Enter South Carolina and Nevada, states that also lay claim to being useful for early contests.
In the case of South Carolina, a southern state, an early primary here does give us a glimpse about how candidates will fare in Dixie, which can still be called the solid South. That’s more important for Republicans than Democrats, and South Carolina has thus wedged its way into the early primary calendar.
Nevada is a relatively new addition to the early voting race and the state’s contest is a caucus. As a Western state, Nevada technically might show candidate viability in this region of the country. In 2008, candidate Barack Obama’s strong showing in the Nevada contest gave the contest greater credibility and thus visibility. Nevada is a state with a population whose demographics shift significantly from year to year, including a large and growing assortment of Latino and African-American voters, demographic groups that are important to the national viability of the Democratic party.
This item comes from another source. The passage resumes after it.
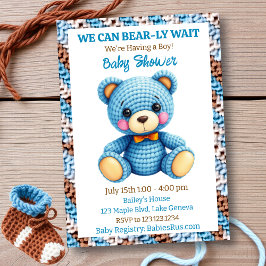 Blue Crocheted Teddy Bear Boy's Baby Shower Einladung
For the Republicans, Nevada is not expected to be a state that is part of whatever national victory the party pieces together in November, but its relative diversity is interesting for the national GOP, as they contemplate their future in an increasingly diverse nation.
In 2016, the national party’s primary calendars are not fully coordinated so today’s contests include a Republican primary vote in South Carolina and a Democratic Caucus vote in Nevada. It’s peculiar and will rather divide our attention today.
Still reading? It’s time for the heart of the matter: predictions.
Let’s start with Nevada’s Democratic caucus contest. Even on a Saturday, a caucus is still a low turn-out event, especially for the party most attractive to working class Nevadans, as the Democratic party is. Here, organizational groundwork is essential and that means the advantage goes to Hillary Clinton, who should win the contest by 4-5 percentage points.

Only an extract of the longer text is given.